We fail to reject the null hypothesis at the alpha = 0.05 significance level.

Dominant Period-

Null Hypothesis: There is no difference in the mean dominant period of the 2010-11 La Niña event and the 2015-16 El Niño event.

Alternative Hypothesis: There is a difference in the mean dominant period of the 2010-11 La Niña event and the 2015-16 El Niño event.

Show Code
#--- PERIOD
t.test(dom_period~enso, data = comparison_df)

    Welch Two Sample t-test

data:  dom_period by enso
t = 3.0192, df = 720.98, p-value = 0.002624
alternative hypothesis: true difference in means between group el_nino and group la_nina is not equal to 0
95 percent confidence interval:
 0.2180466 1.0288700
sample estimates:
mean in group el_nino mean in group la_nina 
             12.49772              11.87426 

We reject the null hypothesis at the alpha = 0.05 significance level.

Peak Swell Direction-

Null Hypothesis: There is no difference in the mean peak swell direction of the 2010-11 La Niña event and the 2015-16 El Niño event.

Alternative Hypothesis: There is a difference in the mean peak swell direction of the 2010-11 La Niña event and the 2015-16 El Niño event.

Show Code
#--- DIRECTION
t.test(peak_direction~enso, data = comparison_df)
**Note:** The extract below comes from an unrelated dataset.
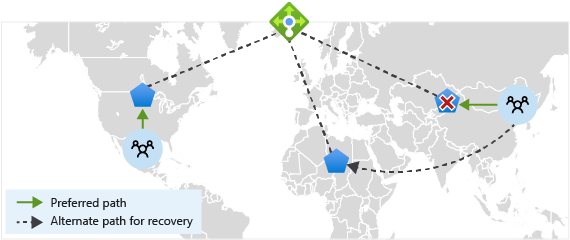 Diagram of global region traffic view.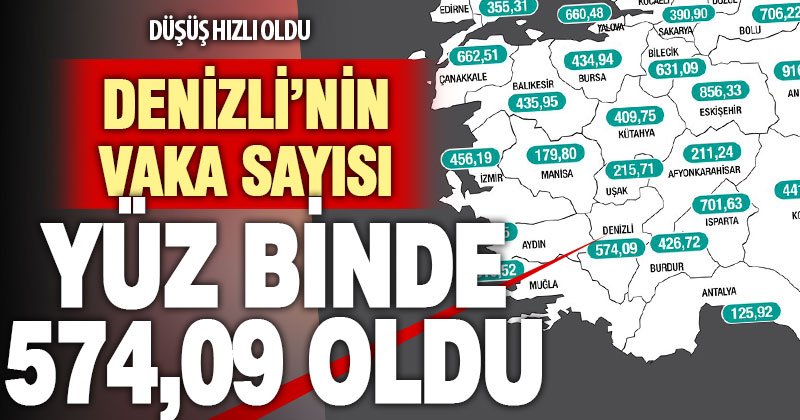 Denizli’deki koronavirüslü hasta sayısı oranı yüz binde 574,09 oldu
    Welch Two Sample t-test

data:  peak_direction by enso
t = -1.9964, df = 728.15, p-value = 0.04627
alternative hypothesis: true difference in means between group el_nino and group la_nina is not equal to 0
95 percent confidence interval:
 -10.99248229  -0.09197763
sample estimates:
mean in group el_nino mean in group la_nina 
             281.9139              287.4562 

We reject the null hypothesis at the alpha = 0.05 significance level.

Discussion

It is interesting to see that with a significance value of alpha = 0.05, the difference in wave height was not statistically significant (but still close). However, the mean period was significantly smaller for the La Niña period than the El Niño, AND the mean swell direction was significantly steeper (more northerly, and less favorable for surfing in Santa Barbara) during the La Niña event. This lends support to the observation that El Niño years have bigger waves, longer periods, and a better swell direction (closer to 270 degrees) than La Niña years.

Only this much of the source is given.